### Exercise
Could you reproduce the lines below from the one with "Journalists rush to" through the one with "Background of chewy"? Keep both ends and add nothing.

### Entries supplied
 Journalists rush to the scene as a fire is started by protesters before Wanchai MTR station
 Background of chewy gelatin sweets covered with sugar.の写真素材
...
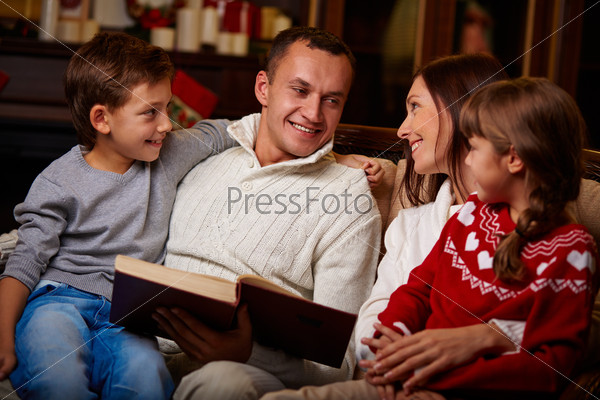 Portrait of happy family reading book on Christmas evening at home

### Task answer
 Journalists rush to the scene as a fire is started by protesters before Wanchai MTR station
 Background of chewy gelatin sweets covered with sugar.の写真素材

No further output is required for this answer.